Statistical functions
There are four new statistical functions.
CUME_DIST
Calculates the cumulative distribution of a value in a group of values in SQL Server 2012. That is, CUME_DIST computes the relative position of a specified value in a group of values. For a row r, assuming ascending ordering, the CUME_DIST of r is the number of rows with values lower than or equal to the value of r, divided by the number of rows evaluated in the partition or query result set. CUME_DIST is similar to the PERCENT_RANK function.
PERCENTILE_CONT
Calculates a percentile based on a continuous distribution of the column value in SQL Server 2012. The result is interpolated and might not be equal to any of the specific values in the column.
PERCENTILE_DISC
Computes a specific percentile for sorted values in an entire rowset or within distinct partitions of a rowset in SQL Server 2012. For a given percentile value P, PERCENTILE_DISC sorts the values of the expression in the ORDER BY clause and returns the value with the smallest CUME_DIST value (with respect to the same sort specification) that is greater than or equal to P. For example, PERCENTILE_DISC (0.5) will compute the 50th percentile (that is, the median) of an expression.
PERCENTILE_DISC calculates the percentile based on a discrete distribution of the column values; the result is equal to a specific value in the column. PERCENTILE_CONT interpolates the appropriate value, whether or not it exists in the data set, while PERCENTILE_DISC always returns an actual value from the set, and for this reason, the values between the two functions may differ.
PERCENT_RANK
Calculates the relative rank of a row within a group of rows in SQL Server 2012. Use PERCENT_RANK to evaluate the relative standing of a value within a query result set or partition. PERCENT_RANK is similar to the CUME_DIST function.

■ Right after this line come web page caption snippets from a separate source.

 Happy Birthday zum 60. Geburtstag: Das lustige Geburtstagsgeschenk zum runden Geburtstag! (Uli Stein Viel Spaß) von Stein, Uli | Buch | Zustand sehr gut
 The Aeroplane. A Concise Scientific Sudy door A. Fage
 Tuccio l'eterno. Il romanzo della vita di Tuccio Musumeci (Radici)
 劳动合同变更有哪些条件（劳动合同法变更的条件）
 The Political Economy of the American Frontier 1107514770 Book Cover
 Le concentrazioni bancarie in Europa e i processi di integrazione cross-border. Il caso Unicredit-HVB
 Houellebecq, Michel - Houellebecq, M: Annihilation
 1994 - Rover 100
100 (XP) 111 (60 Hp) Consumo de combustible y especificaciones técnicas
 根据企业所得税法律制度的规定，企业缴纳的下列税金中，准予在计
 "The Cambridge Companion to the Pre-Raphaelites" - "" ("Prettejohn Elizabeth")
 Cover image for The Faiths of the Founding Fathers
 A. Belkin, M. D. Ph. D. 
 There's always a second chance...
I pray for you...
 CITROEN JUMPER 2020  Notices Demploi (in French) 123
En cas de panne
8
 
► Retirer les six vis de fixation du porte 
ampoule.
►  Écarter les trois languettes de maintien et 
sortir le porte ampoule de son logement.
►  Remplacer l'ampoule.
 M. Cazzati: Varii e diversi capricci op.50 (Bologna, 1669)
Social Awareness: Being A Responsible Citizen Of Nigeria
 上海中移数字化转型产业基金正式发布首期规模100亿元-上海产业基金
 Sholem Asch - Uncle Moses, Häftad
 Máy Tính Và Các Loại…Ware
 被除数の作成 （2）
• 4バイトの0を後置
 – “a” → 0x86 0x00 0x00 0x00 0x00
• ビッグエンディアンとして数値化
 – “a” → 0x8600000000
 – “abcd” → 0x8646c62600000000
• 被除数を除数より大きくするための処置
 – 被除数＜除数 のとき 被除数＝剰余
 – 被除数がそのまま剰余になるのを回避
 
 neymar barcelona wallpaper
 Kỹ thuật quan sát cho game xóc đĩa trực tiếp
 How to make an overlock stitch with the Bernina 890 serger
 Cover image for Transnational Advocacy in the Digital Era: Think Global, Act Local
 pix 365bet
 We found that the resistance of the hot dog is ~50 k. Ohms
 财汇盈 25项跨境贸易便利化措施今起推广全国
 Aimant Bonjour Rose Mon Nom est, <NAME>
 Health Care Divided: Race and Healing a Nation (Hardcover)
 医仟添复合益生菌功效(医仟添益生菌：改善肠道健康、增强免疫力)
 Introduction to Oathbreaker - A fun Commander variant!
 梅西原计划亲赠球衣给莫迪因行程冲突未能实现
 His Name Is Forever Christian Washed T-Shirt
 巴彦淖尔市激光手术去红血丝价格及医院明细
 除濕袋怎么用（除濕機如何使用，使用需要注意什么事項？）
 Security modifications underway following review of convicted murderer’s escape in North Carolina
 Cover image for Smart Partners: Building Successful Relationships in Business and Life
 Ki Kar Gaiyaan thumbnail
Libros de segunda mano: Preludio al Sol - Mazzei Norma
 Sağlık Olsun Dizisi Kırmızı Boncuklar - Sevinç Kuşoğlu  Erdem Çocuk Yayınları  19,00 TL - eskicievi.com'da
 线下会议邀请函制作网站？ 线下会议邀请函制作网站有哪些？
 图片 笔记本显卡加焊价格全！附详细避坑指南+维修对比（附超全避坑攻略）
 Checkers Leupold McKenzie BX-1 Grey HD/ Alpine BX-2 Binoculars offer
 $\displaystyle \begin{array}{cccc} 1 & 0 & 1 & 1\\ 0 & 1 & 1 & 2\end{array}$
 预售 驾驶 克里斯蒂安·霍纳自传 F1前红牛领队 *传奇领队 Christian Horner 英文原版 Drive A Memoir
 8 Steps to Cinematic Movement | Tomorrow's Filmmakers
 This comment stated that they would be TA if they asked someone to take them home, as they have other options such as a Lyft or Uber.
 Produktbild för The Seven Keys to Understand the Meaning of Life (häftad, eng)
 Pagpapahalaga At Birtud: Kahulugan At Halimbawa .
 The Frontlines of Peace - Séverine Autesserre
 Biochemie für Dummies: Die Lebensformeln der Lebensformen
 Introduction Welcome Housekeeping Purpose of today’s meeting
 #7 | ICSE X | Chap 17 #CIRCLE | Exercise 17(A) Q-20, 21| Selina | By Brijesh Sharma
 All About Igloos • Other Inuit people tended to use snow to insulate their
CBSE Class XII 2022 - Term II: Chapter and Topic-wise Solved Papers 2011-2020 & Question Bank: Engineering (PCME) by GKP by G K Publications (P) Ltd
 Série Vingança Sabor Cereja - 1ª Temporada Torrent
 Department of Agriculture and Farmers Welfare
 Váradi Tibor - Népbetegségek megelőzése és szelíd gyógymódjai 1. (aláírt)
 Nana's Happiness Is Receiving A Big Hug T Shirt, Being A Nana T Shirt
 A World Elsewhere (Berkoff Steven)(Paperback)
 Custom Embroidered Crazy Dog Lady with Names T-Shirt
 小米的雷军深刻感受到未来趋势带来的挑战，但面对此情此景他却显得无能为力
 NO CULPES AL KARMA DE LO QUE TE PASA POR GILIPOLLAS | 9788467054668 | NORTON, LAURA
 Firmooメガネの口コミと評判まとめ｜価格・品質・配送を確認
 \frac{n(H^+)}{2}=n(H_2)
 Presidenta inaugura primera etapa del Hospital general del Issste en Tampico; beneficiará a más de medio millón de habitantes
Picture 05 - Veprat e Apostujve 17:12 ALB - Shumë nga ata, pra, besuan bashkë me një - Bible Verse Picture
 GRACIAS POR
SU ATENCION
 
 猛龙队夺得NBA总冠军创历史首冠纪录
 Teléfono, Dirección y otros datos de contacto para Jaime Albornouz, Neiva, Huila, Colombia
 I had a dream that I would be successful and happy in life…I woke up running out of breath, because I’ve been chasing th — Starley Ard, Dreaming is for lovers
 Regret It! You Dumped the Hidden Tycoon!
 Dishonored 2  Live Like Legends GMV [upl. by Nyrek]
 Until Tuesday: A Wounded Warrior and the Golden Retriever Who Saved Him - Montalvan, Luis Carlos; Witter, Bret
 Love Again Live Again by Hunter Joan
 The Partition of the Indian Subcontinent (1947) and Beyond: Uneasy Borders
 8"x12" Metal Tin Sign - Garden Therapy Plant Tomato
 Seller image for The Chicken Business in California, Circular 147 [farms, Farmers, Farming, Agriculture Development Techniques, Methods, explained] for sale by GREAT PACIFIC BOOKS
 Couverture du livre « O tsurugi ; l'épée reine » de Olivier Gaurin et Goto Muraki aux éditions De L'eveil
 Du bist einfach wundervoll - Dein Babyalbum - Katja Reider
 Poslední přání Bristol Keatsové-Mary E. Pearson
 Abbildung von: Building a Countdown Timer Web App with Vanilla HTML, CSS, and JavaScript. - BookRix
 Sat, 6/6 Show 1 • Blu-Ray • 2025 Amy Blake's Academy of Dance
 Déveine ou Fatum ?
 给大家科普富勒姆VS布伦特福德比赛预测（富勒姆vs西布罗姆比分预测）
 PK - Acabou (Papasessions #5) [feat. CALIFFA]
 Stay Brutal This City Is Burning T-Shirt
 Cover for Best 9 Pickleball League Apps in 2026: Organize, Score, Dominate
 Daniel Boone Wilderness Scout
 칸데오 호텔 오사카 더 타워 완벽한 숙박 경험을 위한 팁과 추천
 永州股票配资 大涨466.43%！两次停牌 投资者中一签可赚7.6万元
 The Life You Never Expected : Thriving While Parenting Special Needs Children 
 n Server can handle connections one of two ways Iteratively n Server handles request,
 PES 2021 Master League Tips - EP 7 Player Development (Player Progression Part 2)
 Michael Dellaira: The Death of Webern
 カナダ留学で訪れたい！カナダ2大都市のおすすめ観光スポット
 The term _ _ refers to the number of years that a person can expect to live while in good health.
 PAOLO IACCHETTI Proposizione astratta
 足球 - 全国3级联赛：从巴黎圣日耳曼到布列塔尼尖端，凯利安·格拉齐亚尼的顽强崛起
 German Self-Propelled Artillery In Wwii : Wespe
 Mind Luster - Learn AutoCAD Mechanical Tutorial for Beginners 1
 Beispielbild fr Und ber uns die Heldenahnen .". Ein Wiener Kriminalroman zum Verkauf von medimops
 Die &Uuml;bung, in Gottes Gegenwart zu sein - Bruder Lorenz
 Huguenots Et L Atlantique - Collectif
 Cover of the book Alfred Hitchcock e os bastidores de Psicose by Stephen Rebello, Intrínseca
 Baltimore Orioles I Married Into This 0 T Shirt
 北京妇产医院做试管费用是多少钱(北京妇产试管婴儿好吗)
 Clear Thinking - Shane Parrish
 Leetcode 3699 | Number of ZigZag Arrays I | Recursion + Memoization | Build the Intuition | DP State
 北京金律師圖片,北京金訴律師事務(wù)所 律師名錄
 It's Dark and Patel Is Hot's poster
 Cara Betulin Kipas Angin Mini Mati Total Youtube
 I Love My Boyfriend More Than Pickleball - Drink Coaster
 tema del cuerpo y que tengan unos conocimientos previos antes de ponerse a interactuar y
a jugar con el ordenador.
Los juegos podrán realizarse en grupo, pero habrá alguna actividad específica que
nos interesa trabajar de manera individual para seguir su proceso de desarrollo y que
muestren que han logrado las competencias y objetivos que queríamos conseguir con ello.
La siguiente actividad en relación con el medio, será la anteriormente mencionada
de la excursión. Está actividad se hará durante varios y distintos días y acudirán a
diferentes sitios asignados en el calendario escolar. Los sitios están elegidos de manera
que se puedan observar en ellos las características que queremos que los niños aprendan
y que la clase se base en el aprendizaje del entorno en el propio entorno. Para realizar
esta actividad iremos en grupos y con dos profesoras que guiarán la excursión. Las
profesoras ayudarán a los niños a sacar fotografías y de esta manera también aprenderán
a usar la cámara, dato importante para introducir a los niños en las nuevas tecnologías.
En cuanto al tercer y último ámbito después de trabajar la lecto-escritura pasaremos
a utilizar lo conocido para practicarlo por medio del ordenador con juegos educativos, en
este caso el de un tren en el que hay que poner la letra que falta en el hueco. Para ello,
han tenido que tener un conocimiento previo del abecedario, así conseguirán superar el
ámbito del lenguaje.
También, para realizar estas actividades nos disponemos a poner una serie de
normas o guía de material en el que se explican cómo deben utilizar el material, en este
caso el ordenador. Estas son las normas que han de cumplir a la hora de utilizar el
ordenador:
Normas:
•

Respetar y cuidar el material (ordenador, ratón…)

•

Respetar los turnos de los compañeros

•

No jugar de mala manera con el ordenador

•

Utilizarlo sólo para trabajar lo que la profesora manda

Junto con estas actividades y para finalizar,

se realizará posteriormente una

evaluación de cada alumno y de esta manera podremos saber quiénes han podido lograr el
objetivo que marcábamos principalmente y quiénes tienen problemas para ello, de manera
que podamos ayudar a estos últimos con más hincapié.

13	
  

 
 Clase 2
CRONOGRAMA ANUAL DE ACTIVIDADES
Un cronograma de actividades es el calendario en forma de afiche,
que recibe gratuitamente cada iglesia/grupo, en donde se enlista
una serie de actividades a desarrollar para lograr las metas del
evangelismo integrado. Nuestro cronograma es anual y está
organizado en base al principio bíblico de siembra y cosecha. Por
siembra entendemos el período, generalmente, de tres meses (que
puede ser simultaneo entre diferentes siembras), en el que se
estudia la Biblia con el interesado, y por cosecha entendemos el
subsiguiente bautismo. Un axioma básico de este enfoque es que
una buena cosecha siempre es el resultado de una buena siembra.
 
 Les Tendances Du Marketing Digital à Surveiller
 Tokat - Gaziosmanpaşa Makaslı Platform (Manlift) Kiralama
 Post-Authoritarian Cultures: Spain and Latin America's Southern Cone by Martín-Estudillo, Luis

Percent rank uses percentages ( that is, a range of 0 to 1 ) to apply a rank. The formula for percent_rank is :
percent_Rank = (rank-1)/(totalRow - 1).
I admit that the definitions above are copied from MSDN, I am not deeply familiar with the use of any of these, but I've included AdventureWorks examples of using all of them in the downloadable SQL file, as a starting point if you want to dig in further. My samples also came from the web ( mostly MSDN ), because, as I said, I don't have a deep understanding of the use of these functions.
Conclusion
Hopefully this article has opened your eyes to some of the things that can be done with windowing functions, which go well beyond creating a simple aggregation of values in a column. They are a very powerful feature in SQL and one you'd do well to become comfortable with using, and understanding.